Titan Aerospace Purchased By Google: Corporate Aerial Drones On The Way

Titan Aerospace is just one of the many companies Google has been purchasing over the last few months. Other recent purchases by Google include military robot maker Boston Dynamics and smart-home device manufacturer Nest. So far the price Google paid for Titan Aerospace has been undisclosed.

Titan Aerospace is noteworthy because they manufacture high-altitude solar-powered vehicles that are meant to fly for years at a time. The company is run by Vern Raburn who has worked at both Symantec and Microsoft in the past. The New Mexico based company employees about twenty people and will continue to operate in New Mexico after the buyout. The plan is for Titan Aerospace to work on Google’s worldwide Internet coverage initiative, Project Loon, and potentially do imaging for Google Maps.
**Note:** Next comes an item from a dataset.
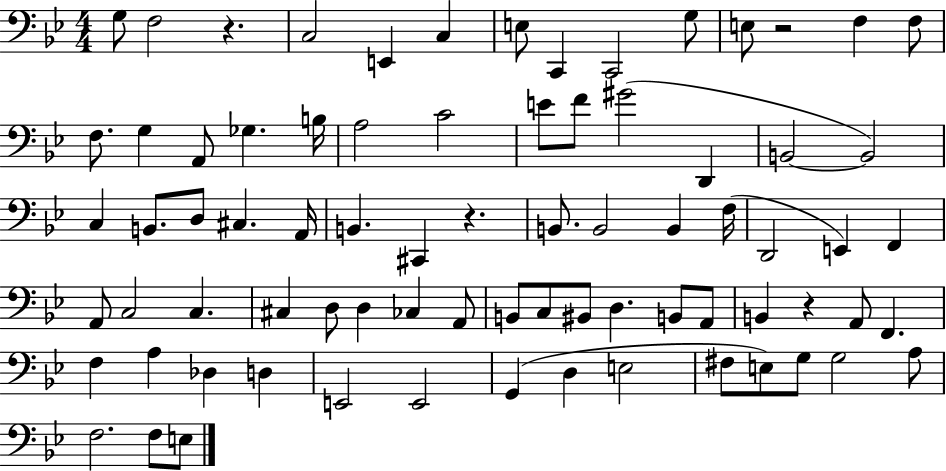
G3/e F3/h R/q. C3/h E2/q C3/q E3/e C2/q C2/h G3/e E3/e R/h F3/q F3/e F3/e. G3/q A2/e Gb3/q. B3/s A3/h C4/h E4/e F4/e G#4/h D2/q B2/h B2/h C3/q B2/e. D3/e C#3/q. A2/s B2/q. C#2/q R/q. B2/e. B2/h B2/q F3/s D2/h E2/q F2/q A2/e C3/h C3/q. C#3/q D3/e D3/q CES3/q A2/e B2/e C3/e BIS2/e D3/q. B2/e A2/e B2/q R/q A2/e F2/q. F3/q A3/q Db3/q D3/q E2/h E2/h G2/q D3/q E3/h F#3/e E3/e G3/e G3/h A3/e F3/h. F3/e E3/e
“It’s still early days, but atmospheric satellites could help bring internet access to millions of people, and help solve other problems, including disaster relief and environmental damage like deforestation,” a Google spokesperson said in a statement to the Wall Street Journal.

According to Forbes, “Titan’s thin craft look somewhat like a dragonfly covered with solar cells and the company claims it can transmit data to the ground from heights nearly twice as far above the ground as the elevation most passenger airlines cruise at. Formed in 2012, the company has been developing two models of unmanned aerial vehicle, the Solara 50 and Solara 60 that are designed to stay aloft continuously for as long as 5 years.”

Just a few weeks ago Facebook announced the purchase of a similar drone manufacturer Ascenta. Facebook originally considered buying Titan Aerospace but bought Ascenta for $20 million instead. Facebook plans to use it as part of a planned worldwide Internet service initiative called internet.org.

Titan Aerospace
Titan Aerospace Drone

TechCrunch reports, “Both Ascenta and Titan Aerospace are in the business of high altitude drones, which cruise nearer the edge of the earth’s atmosphere and provide tech that could be integral to blanketing the globe in cheap, omnipresent Internet connectivity to help bring remote areas online.”

Google’s purchase of Titan Aerospace gives them a step forward in its ongoing acquisitions competition with Facebook. Drones are becoming a standard business practice these days. Amazon is doing independent research on how to build drones as well.

Titan Aerospace plans to begin operations beyond the planning stage in 2015, and it could be a few years after that before Google services start to change in any significant way because of the drones.

In the very near future corporate high-altitude aerial vehicles, like the ones manufactured by Titan Aerospace, will be gliding above.